# BLASC will nicht automatisch Herold aktualisieren



## sectune (12. März 2005)

Hallo Gemeinde,
Ich habe von Anfang an schon ein Problem mit BLASC, ich habe die zur Zeit neueste Version geladen und natürlich ordnungsgemäß installiert 


			Dieser Inhalt steht nur eingeloggten Mitgliedern zur Verfügung.
        



Zuerst meine Einstellungen:
-Manueller start
-Automatisch nach neuer BLASC Version suchen

Bei Anzeigeoptionen:
-"Benutzerdefiniert" -> nur "Basic" und "Fertigkeiten und Attribute" an
- Gold anzeigen

-Wissensdatenbank abgleichen

-Ich habe ebenfalls die automatische Versionsüberprüfung bei WoW bei den Addons abgeschaltet.

Jetzt das Problem:
Beim WoW beenden braucht BLASC nur höchstens 2sekunden um alles abzugleichen und am Ende steht 0 neue Daten hinzugefügt, des Weiteren aktualisiert sich mein Profil nicht automatisch bei der Homepage, auch beim langen Warten nicht. Jedoch klappt es mit dem manuellem Upload auf der Page. 
 Ich stelle gerne meine Variables.lua zur Verfügung, vielen dank für die hoffendlich kommende Hilfe 


			Dieser Inhalt steht nur eingeloggten Mitgliedern zur Verfügung.


----------



## Fab96 (14. März 2005)

sectune schrieb:
			
		

> Hallo Gemeinde,
> Ich habe von Anfang an schon ein Problem mit BLASC, ich habe die zur Zeit neueste Version geladen und natürlich ordnungsgemäß installiert
> 
> 
> ...



das Gleiche Problem hab ich auch.

PS: Was ist mit Inventar, wieso sieht man es nicht?


----------



## Regnor (14. März 2005)

Hallo,
schickt bitte eure SavedVariables.lua mit einer kurzen Problembeschreibung an blasc@black-legion.info.
Wir kümmern uns dann um das Problem.

Gruß Regnor


----------



## codpixdeto (15. März 2005)

auch ich hab das Problem, auch E-Mailen oder wirds nen fix geben?

bye


----------



## sectune (15. März 2005)

Ja ich würde mich auch brennend über eine Rückmeldung freuen, ein Satz wie: "in Arbeit" wär schon lieb 


			Dieser Inhalt steht nur eingeloggten Mitgliedern zur Verfügung.


----------



## Rohan (15. März 2005)

Regnor schrieb:
			
		

> Hallo,
> schickt bitte eure SavedVariables.lua mit einer kurzen Problembeschreibung an blasc@black-legion.info.
> Wir kümmern uns dann um das Problem.
> 
> ...




Wie viele wollt ihr denn haben? Ich meine das scheint ein weit reichendes Problem zu sein. Und das sry, seit die erste neuere Version von BLASC kam. Nicht nur, dass alle 2 Tage eine Neue kommt, die dann wieder probs macht. Ich für meinen Teil verzichte auf die sig ab jetzt. Schade um die Infos an sich, aber dass BLASC so kaum Anhänger findet solltet ihr 

Aber ich update nicht alle 2 Std ein prog, was dann nicht läuft. EDV Verständnis hin oder her. Sry!


----------



## B3N (15. März 2005)

"In Arbeit" 


			Dieser Inhalt steht nur eingeloggten Mitgliedern zur Verfügung.
        



Das dort steht 0 neue Datensätze hinzugefügt, ist nicht tragisch, sogar richtig so. Wir überprüfen vor dem Upload was schon bekannt ist und was nicht, hast du also keine uns unbekannten Items, wird auch keine Upload erfolgen der Items, folglich die Meldung 0 neue Einträge hinzugefügt.
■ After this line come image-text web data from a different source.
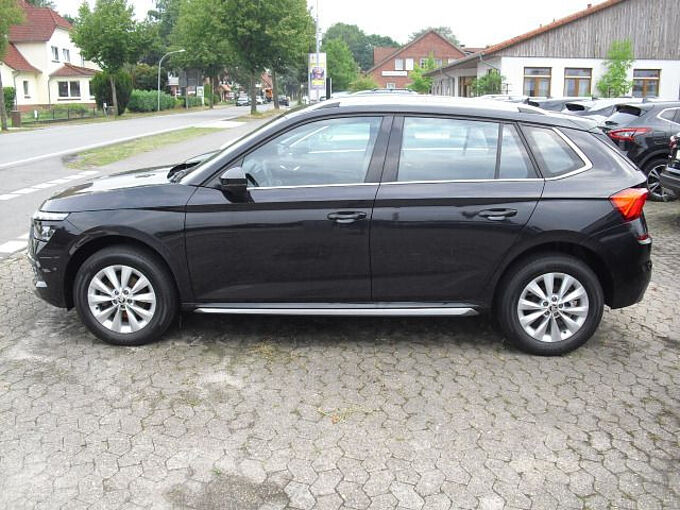 SKODA Kamiq 1.0 TSI Style OPF AHK LED ALU PDC 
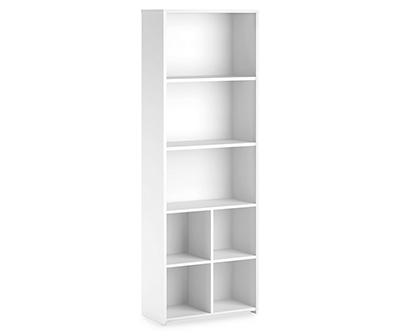 White 5-Shelf Silo Image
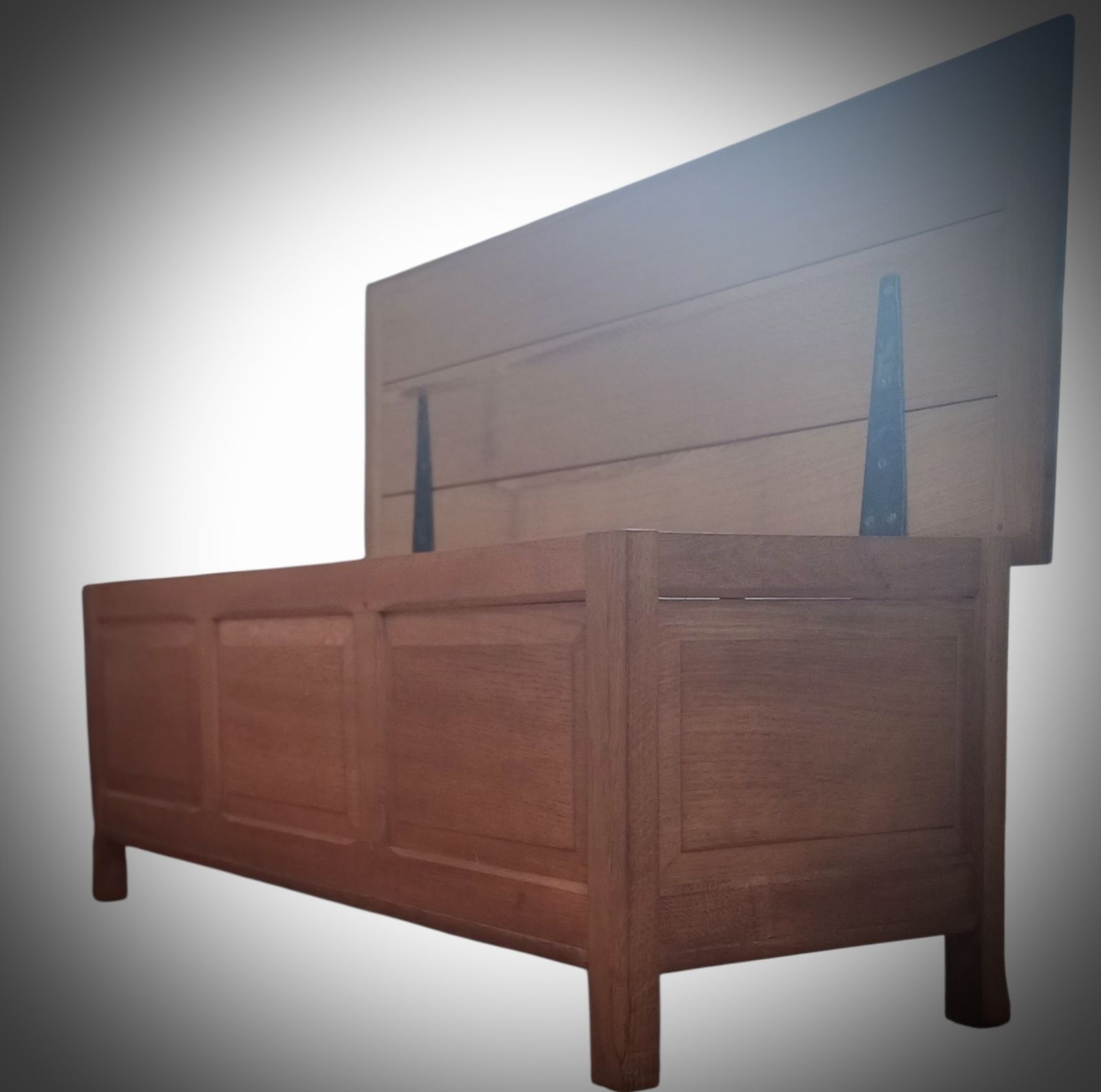 Reynolds Of Ludlow Oak Cotswold School Blanket Box, Heals photo buy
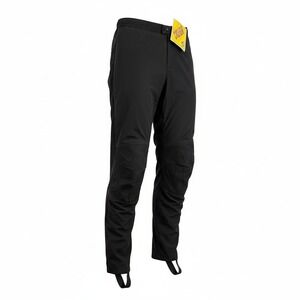 Novara by REI Mens X Large Black Cycle Blast Vermont Gear Pants Stirrups Zippers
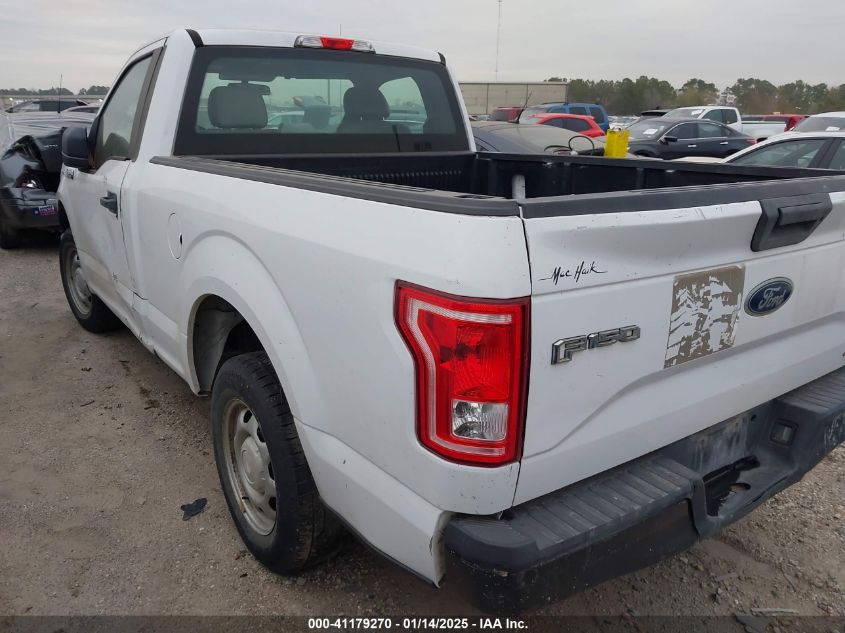 VIN 1FTMF1C88FKD17383 2015 Ford F-150, XL no.3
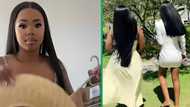 Cape Town women flaunt stunning human hair in TikTok video, SA wowed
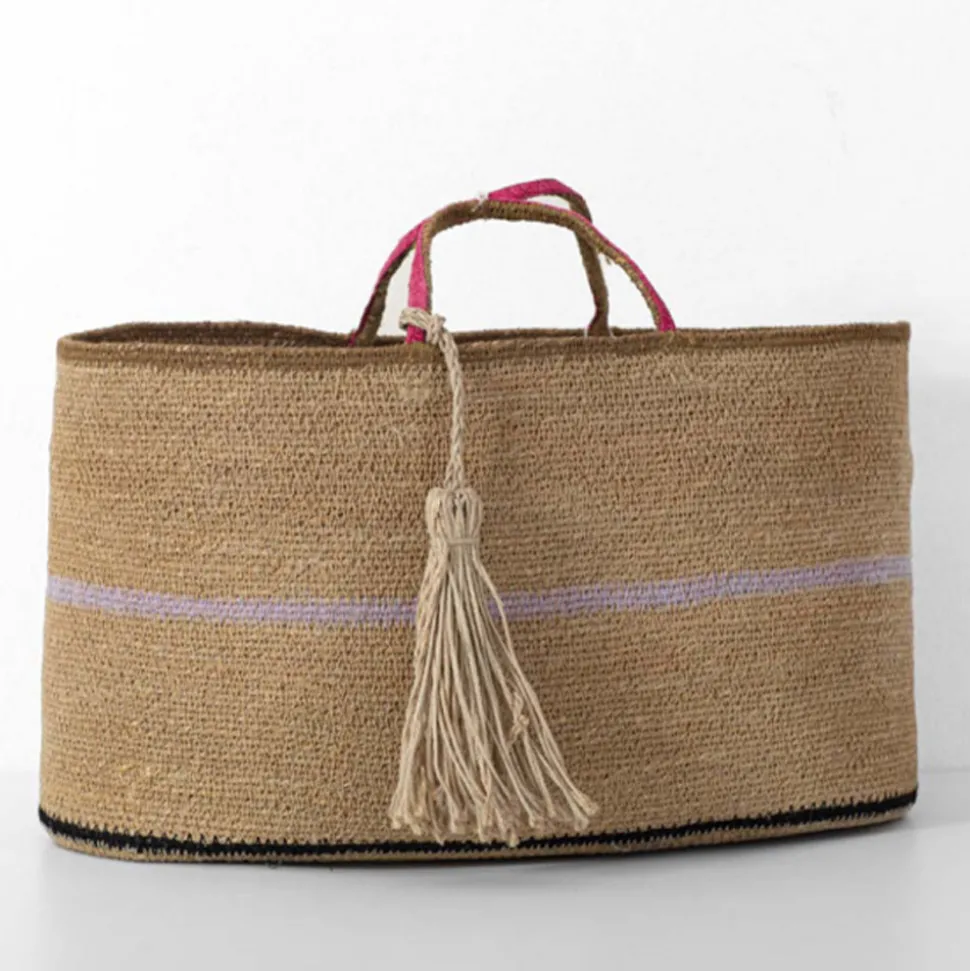 Colores - Sac Jute - Blanc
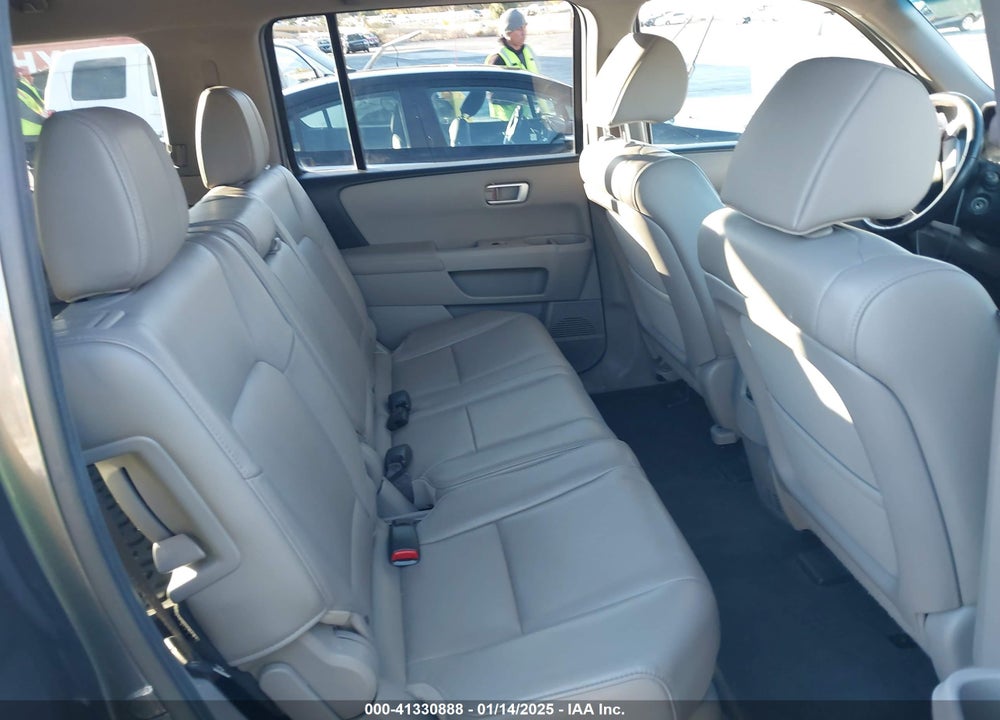 2013 HONDA PILOT EX-L VIN: 5FNYF4H77DB055241
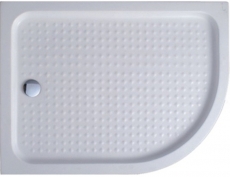 120x80 ��������� ������ ������������� Cezares TRAY-A-RH-120/80-550-15-W-L/R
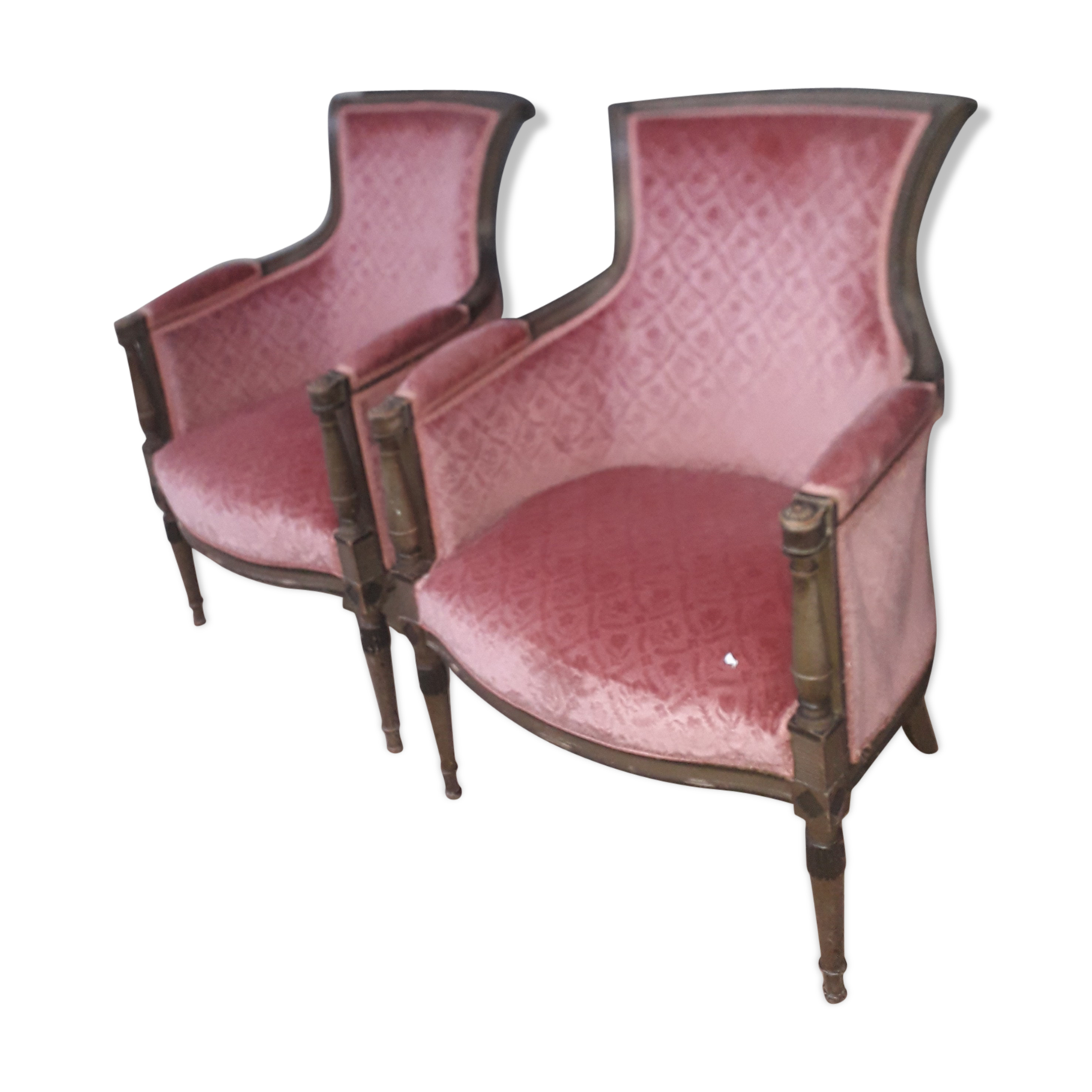 Executive-style shepherd's pair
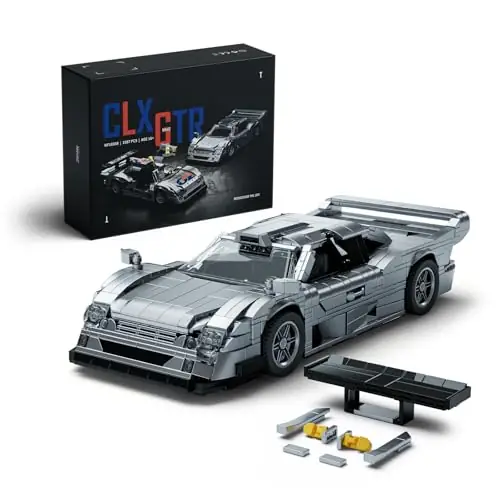 Nifeliz Clx Gtr • Set NF10358 • SetDB • Merlins Bricks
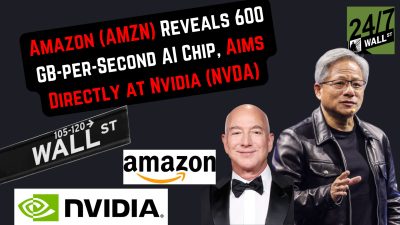 Amazon (AMZN) Aims At Nvidia (NVDA) With Absurd 600 GB-per-Second AI Chip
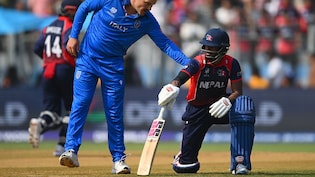 Nepal vs Italy LIVE Score, T20 World Cup 2026: 4, 4, 4 - Nepal Fight Back After Early Setback vs Italy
Aber das Problem mit deinem Char ist ein anderes und daran arbeiten wir, keine Sorge.


----------



## codpixdeto (15. März 2005)

naja rohan so herablassend hättest es nun auch nicht formulieren müssen, ich bin selbst programmierer und weiß wie schwer es ist solche fehler zu beseitigen, die Jungs suchen ja an dem Problem sonst würden sie nicht schreiben das man ihnen die debug.txt schicken soll.

Was nützlich wäre, wär eine News das man an dem Problem arbeitet, aber wie immer sitzen da nur Menschen dran die das immerhin umsonst und für die community machen und ihre sonstigen aktivitäten in den hintergrund stellen...

einfach mal bissel zeit geben und warten, nicht jede software ist perfekt, windows benutzen auch genug leute obwohl jeder sagt das es scheisse ist (also kann es ja im endeffekt so schlecht nicht sein wenn es soviele benutzen, oder?! 


			Dieser Inhalt steht nur eingeloggten Mitgliedern zur Verfügung.
        

)

wie gsagt ich benutz auch atm den manuellen upload, der geht prima und da weiß ich das es funktioniert hat und ich denk, dass das problem relativ schnell behoben ist.

bye


----------



## B3N (15. März 2005)

Rohan schrieb:
			
		

> Wie viele wollt ihr denn haben? Ich meine das scheint ein weit reichendes Problem zu sein. Und das sry, seit die erste neuere Version von BLASC kam. Nicht nur, dass alle 2 Tage eine Neue kommt, die dann wieder probs macht. Ich für meinen Teil verzichte auf die sig ab jetzt. Schade um die Infos an sich, aber dass BLASC so kaum Anhänger findet solltet ihr
> 
> Aber ich update nicht alle 2 Std ein prog, was dann nicht läuft. EDV Verständnis hin oder her. Sry!
> [post="83328"][/post]​




Lieber Rohan...

wenn du das Tool nicht benutzen willst oder mit unserer Art und Weise wie wir arbeiten unzufrieden bist, dann deinstallier es, aber erspar uns bitte solche Posts. Das Tool ist Freeware, wir verlangen kein Geld und nehmen auch keines dadurch ein, wir spenden einen Großteil unserer Freizeit in die Entwicklung und deswegen haben wir auf solche Antworten keine Lust, sorry!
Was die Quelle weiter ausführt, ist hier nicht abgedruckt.